Authors: Robert Harvey
Napoleon turned to the town of Verona which had risen and massacred a French garrison behind him with the connivance of the Venetians. Verona quickly surrendered, but Napoleon now had his excuse to threaten the Doge of Venice. Ignoring instructions from the Directory to leave the city state alone, he moved upon it and seized it. Napoleon followed this up by seizing the Venetian lonian islands of Corfu, Cephalonia and Zante without any opposition. He had no authority from the Directory to do so.
He returned triumphantly to the Mombello Palace outside Milan. There he was joined by his family, upon which he lavished spoils in the style of a medieval monarch, not a republican general. Joseph was appointed ambassador to Rome with an enormous salary; and presents were lavished on Lucien, Jerome and Louis, as well as his sisters. At last the matriarch, Letizia, arrived. Napoleon embraced her on her arrival outside Milan and she told him, ‘Today I am the happiest mother in the world.’ But she stayed only two weeks before returning to Corsica.
Like other members of his family, she disapproved intensely of the frivolous Josephine, with her Parisian sophistication, expensive tastes, sexy clothes and barely hidden passion for Hippolyte Charles – Napoleon’s young, beautiful and cheeky sister Pauline would stick out her tongue behind Josephine’s back. Napoleon caught the passionate seventeen-year-old Pauline making love to one of his former officers, General Victor Emmanuel Leclerc, and insisted they get married immediately; her plain older sister Elisa similarly got married to a dull Corsican aristocrat in June. Napoleon was now in effect King of northern Italy.
Stendhal judged Napoleon’s northern Italian campaigns to be his finest military actions. In fact they cannot compare with some of his later battles such as Austerlitz, which were far more complex affairs. But his achievement had by any standards been remarkable. The Directory itself reckoned that he had taken 150,000 prisoners, 540
cannon, and nine 64-gun battleships, twelve frigates and eighteen galleys.
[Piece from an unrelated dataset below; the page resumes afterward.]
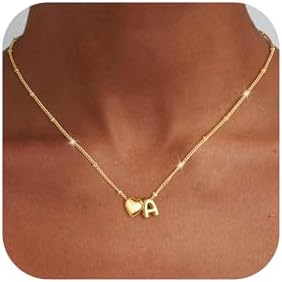 Ursteel Dainty Cute Heart Initial Necklaces for Women Teen Girls - 14K Gold Plated Initial Heart Necklace for Women Trendy Dainty Letter A-Z Lockets Necklaces Personalized Jewelry Birthday Gifts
He had won eighteen major battles and sixty-seven lesser military actions.
To what extent could Napoleon himself claim the credit? With the exception of the Battle of Rivoli, the Italian campaign was a case of small-scale engagements of rapid manoeuvre, marching and counter-marching with small forces to outflank and outwit the enemy. It was somewhere between guerrilla warfare and classic eighteenth-century pitched fighting.
Napoleon’s forces in Italy were not particularly brave or impressive, while the Austrian armies, although braver and more prone to defend their positions, tended to follow old-fashioned military injunctions and were overloaded with provisions. Another qualification to Napoleon’s skills must be the nature of the French army. Carnot had been its creator. Thanks to the
levée en masse
, it was the most modern, efficient and above all the largest fighting force in Europe. It was a huge conscript army staffed by officers who rose to the top at this stage largely through merit and who had until recently faced the possibility that failure might be rewarded by the guillotine.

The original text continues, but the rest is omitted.